(Collected data begins)

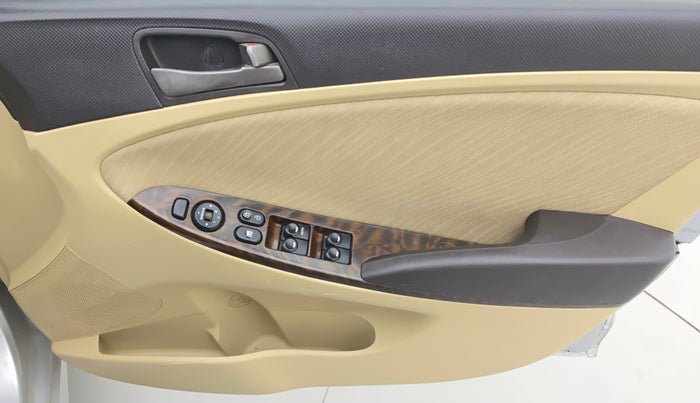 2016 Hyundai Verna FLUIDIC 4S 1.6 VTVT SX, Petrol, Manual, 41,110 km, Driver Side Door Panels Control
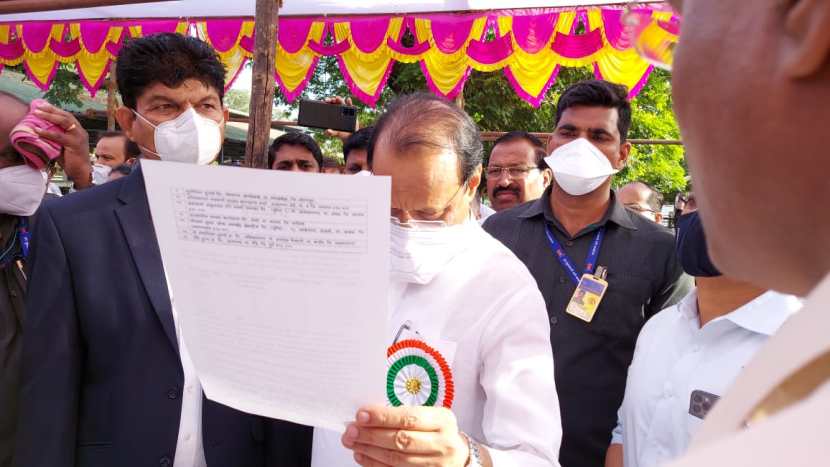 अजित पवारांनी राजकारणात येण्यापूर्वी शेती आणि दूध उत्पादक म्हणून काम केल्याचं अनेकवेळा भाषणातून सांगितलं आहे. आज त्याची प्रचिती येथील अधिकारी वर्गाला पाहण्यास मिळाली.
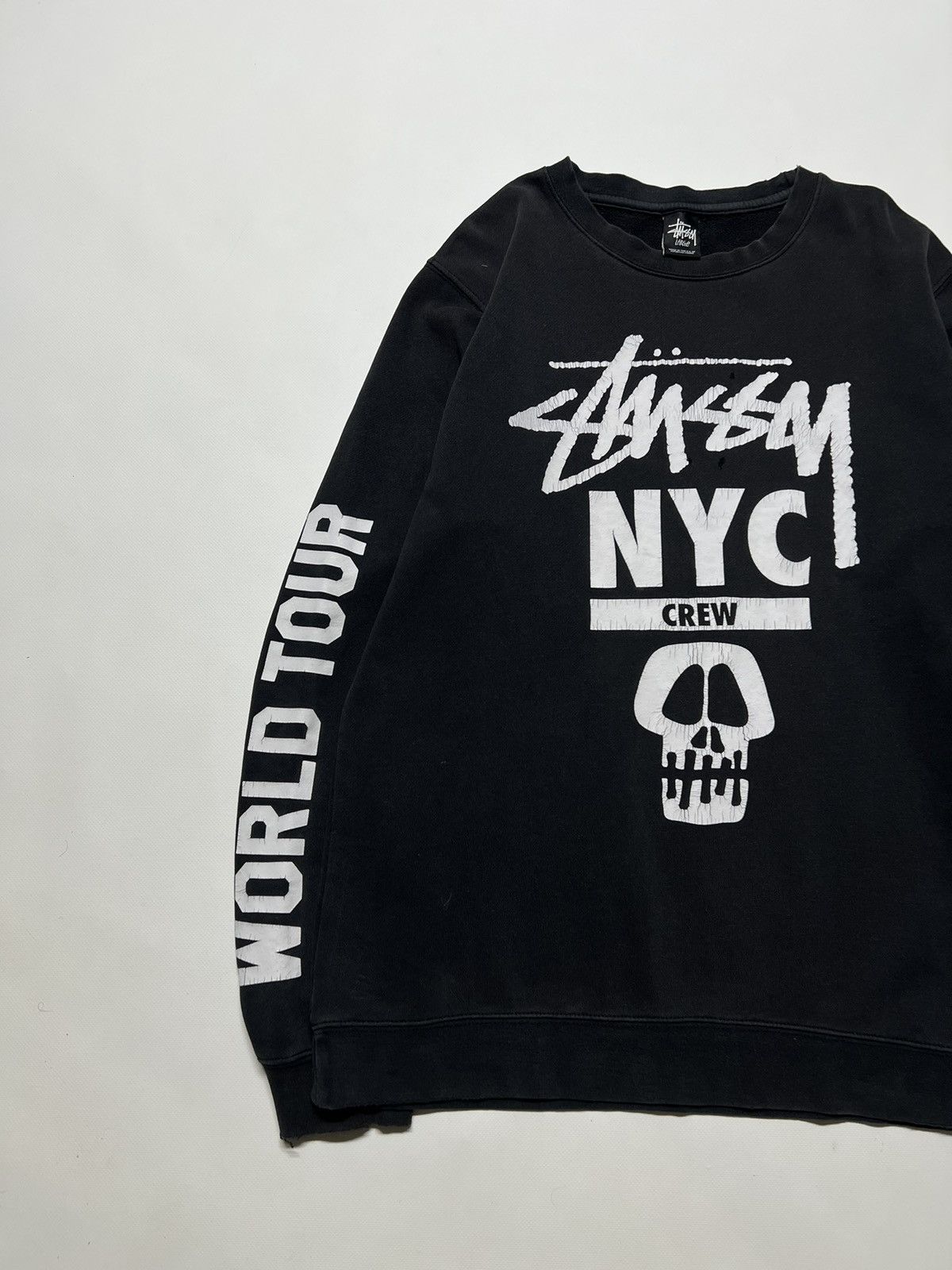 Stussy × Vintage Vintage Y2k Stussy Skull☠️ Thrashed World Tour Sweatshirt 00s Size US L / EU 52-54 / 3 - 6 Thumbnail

(Collected data ends)

What is required:
An exact printout of the listing is needed, minus any pictures it contains.

Task response:
 2016 Hyundai Verna FLUIDIC 4S 1.6 VTVT SX, Petrol, Manual, 41,110 km, Driver Side Door Panels Control
 अजित पवारांनी राजकारणात येण्यापूर्वी शेती आणि दूध उत्पादक म्हणून काम केल्याचं अनेकवेळा भाषणातून सांगितलं आहे. आज त्याची प्रचिती येथील अधिकारी वर्गाला पाहण्यास मिळाली.
 Stussy × Vintage Vintage Y2k Stussy Skull☠️ Thrashed World Tour Sweatshirt 00s Size US L / EU 52-54 / 3 - 6 Thumbnail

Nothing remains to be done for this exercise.